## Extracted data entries

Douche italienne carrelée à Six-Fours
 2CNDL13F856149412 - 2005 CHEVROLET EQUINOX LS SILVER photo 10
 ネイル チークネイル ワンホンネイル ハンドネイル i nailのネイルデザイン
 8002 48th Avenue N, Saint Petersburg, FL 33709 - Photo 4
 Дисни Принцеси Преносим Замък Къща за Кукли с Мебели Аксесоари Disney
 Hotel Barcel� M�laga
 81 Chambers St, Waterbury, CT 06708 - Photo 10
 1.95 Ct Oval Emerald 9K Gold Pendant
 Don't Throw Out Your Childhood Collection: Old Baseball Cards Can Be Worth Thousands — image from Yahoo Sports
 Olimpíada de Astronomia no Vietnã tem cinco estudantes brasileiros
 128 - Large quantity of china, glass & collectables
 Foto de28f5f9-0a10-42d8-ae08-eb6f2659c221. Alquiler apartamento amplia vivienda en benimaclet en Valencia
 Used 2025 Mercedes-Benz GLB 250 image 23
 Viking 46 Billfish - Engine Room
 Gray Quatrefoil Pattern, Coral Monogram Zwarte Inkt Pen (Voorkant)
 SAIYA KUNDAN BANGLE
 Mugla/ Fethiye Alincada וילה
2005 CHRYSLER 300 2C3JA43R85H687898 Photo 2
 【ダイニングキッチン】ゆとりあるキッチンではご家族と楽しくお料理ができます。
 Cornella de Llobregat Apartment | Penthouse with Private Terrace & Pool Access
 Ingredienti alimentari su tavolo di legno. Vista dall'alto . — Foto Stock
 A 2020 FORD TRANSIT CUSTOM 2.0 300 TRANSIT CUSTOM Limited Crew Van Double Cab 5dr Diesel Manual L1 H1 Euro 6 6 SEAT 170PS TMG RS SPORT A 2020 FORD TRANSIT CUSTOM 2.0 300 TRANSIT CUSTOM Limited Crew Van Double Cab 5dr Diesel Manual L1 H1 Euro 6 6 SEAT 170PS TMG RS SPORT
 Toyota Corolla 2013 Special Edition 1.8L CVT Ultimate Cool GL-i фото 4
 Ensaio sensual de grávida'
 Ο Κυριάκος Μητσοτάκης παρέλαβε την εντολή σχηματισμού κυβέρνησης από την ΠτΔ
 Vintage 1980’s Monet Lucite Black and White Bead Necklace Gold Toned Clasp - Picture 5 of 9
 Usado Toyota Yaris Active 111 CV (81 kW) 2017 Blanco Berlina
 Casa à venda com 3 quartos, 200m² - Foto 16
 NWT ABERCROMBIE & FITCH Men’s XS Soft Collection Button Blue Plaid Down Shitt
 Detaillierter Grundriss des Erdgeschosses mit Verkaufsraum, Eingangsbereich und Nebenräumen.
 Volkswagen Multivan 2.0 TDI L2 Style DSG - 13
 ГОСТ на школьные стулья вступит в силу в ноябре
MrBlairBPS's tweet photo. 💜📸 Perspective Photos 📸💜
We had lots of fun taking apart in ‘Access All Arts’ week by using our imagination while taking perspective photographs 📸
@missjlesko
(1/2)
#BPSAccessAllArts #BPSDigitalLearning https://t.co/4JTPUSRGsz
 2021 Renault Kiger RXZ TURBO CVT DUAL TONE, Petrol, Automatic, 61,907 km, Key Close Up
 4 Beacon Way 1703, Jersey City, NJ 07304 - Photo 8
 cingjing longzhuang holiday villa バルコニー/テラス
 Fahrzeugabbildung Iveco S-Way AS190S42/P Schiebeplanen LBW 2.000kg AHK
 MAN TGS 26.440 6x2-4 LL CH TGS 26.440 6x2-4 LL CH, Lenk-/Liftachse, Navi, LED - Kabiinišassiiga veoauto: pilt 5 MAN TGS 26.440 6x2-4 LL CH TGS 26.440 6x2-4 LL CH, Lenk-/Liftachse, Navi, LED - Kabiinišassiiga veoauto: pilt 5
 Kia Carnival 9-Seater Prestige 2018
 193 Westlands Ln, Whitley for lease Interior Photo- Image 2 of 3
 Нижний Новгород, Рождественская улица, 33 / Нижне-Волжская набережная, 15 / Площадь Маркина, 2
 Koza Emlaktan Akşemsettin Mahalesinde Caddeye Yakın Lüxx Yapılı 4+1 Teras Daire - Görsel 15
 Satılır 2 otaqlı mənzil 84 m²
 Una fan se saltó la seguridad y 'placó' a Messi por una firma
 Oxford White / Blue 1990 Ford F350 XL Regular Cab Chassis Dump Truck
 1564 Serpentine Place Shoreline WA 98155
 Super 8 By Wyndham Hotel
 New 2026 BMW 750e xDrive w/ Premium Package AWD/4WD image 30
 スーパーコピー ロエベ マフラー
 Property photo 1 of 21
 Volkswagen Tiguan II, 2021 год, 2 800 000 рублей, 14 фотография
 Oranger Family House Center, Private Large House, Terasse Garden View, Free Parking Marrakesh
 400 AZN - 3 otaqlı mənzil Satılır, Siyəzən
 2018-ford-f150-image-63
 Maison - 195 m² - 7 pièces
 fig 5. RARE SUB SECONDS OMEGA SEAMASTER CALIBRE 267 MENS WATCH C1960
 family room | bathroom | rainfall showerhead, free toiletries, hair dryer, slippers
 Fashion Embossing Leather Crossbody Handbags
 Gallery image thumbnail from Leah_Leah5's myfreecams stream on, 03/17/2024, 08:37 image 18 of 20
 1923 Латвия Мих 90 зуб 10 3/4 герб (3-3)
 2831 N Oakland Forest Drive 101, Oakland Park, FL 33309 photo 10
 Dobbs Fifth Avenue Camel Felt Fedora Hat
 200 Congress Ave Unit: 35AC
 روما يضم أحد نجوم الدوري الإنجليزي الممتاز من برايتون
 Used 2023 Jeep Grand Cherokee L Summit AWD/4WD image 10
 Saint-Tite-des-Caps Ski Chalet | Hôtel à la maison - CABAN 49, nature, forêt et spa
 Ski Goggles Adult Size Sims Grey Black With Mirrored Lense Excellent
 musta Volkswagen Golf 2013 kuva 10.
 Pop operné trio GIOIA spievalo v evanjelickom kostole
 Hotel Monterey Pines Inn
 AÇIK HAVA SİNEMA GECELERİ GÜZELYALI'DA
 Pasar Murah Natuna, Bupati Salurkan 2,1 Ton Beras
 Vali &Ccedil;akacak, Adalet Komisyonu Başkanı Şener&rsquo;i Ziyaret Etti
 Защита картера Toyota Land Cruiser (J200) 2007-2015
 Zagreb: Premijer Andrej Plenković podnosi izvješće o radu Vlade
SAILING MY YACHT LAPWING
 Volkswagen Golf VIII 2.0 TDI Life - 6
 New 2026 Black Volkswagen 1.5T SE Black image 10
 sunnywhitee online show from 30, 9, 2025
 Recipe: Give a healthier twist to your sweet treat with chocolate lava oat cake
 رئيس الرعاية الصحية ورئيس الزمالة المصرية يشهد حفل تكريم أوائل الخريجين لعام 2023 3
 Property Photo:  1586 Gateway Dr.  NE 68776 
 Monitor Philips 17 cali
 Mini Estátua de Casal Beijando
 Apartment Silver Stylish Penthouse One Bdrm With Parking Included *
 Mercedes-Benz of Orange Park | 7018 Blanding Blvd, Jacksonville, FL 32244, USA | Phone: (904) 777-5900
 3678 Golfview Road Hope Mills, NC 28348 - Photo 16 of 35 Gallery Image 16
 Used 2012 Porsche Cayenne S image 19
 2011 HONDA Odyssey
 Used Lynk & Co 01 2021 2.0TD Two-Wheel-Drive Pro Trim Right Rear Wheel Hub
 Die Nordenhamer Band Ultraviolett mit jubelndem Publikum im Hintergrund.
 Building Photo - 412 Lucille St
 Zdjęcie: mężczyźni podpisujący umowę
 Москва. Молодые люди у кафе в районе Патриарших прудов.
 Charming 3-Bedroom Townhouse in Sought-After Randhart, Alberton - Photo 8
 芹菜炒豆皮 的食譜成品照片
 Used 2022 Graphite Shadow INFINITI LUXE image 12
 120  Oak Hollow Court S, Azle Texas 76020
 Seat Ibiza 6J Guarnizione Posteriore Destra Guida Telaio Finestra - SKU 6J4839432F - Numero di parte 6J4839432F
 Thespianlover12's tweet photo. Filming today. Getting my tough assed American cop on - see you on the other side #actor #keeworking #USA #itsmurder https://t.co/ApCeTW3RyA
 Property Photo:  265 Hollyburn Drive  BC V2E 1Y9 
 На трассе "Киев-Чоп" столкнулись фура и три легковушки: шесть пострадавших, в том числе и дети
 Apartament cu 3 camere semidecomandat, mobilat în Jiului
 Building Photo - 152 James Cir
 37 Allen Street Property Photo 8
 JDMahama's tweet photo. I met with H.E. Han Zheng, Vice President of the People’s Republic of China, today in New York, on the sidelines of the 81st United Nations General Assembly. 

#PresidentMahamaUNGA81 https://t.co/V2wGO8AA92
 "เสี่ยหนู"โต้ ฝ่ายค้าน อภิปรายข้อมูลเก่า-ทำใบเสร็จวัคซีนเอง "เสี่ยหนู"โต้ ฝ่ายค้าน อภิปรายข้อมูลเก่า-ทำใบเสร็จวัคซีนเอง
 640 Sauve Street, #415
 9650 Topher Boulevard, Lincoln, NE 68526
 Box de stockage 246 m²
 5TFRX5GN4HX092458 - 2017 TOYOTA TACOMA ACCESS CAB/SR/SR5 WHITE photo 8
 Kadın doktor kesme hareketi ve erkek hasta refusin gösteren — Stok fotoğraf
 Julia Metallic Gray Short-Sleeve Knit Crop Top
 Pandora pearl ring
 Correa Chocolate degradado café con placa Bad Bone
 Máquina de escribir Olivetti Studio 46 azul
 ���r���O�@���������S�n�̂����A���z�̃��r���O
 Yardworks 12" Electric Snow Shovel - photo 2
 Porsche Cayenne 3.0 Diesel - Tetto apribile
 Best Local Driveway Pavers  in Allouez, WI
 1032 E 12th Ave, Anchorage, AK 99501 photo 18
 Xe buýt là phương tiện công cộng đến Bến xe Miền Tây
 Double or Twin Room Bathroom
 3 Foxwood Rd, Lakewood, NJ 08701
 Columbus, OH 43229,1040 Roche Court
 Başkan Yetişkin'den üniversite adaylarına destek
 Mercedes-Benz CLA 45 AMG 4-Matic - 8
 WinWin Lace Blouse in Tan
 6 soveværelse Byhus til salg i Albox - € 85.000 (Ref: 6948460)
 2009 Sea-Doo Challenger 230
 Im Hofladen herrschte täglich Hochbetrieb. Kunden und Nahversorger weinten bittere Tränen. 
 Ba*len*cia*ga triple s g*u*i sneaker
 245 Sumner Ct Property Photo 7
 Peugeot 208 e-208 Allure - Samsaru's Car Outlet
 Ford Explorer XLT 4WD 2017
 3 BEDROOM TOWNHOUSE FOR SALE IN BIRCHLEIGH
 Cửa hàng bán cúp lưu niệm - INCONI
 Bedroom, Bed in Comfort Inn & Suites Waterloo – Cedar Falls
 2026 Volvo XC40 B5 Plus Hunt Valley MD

## What this task involves
Which lines in the records above contain the word "Street"? Copy each one.

## Answer below
 37 Allen Street Property Photo 8
 640 Sauve Street, #415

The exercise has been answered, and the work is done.